Member of the South Carolina Senate from the 46th district
- In office 2007–2009
- Preceded by: Scott Richardson
- Succeeded by: Tom Davis

Member of the South Carolina House of Representatives from the 124th district
- In office 2003–2007
- Preceded by: Edie Rodgers
- Succeeded by: Shannon Erickson

Personal details
- Born: February 16, 1955 (age 71) Berkeley County, South Carolina
- Party: Republican
- Spouse: Wallace B. Scarborough
- Profession: small business owner

= Catherine Ceips =

American politician

Catherine C. Ceips (born February 16, 1955) is a former Republican member of the South Carolina Senate, representing the 46th District from the time of a special election in 2007 until the end of the term January 14, 2009. Previously she was a member of the South Carolina House of Representatives from 2003 through 2006.
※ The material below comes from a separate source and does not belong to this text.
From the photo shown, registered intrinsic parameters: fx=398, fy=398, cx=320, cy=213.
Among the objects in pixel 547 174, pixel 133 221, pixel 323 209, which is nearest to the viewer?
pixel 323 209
==Early life and education==

She was born in Berkeley County, South Carolina and graduated from the University of South Carolina with a B.S. in 1976. She married Richard N. Ceips on May 17, 1986. Dr. Ceips died in 2006. She began dating Wallace Scarborough in 2008. In December 2009 she married former South Carolina lawmaker Wallace Scarborough. She is a Lutheran.

==Career==
Her work history includes Fed. Rep. Field Dir., Congressman Joe Wilson; Fed. Rep. Field Dir., Congressman Floyd Spence; Comm. Serv. Dir., Med. Univ. of S.C.; Teacher, Beaufort and Berkeley Co. Schools; business owner.

She previously served in House 2003-06; elected in Special Election June 19, 2007, to fulfill the unexpired term of Republican Scott Richardson, who had resigned. She was defeated 56% to 44% in the June 10, 2008, primary election for the District 46 seat by Tom Davis, who went on to win the general election over Democrat Kent Fletcher.
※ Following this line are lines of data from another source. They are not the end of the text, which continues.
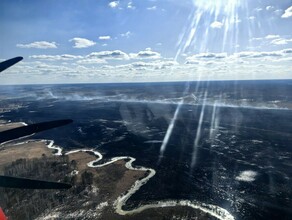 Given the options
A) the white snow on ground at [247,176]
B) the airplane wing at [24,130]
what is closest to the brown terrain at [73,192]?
the white snow on ground at [247,176]

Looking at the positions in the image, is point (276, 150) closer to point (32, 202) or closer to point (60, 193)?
point (60, 193)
Ceips stated that the encouragement to run for Republican Edie Rodgers' seat came from people she had helped through the congressional office.

==Memberships==
She is a member of the Sea Island Ophthalmology; Beaufort County Republican Women's Club; Beaufort County GOP; Beaufort Historic Foundation; and the Open Land Trust. She supported Beaufort Little Theatre and other theatre groups.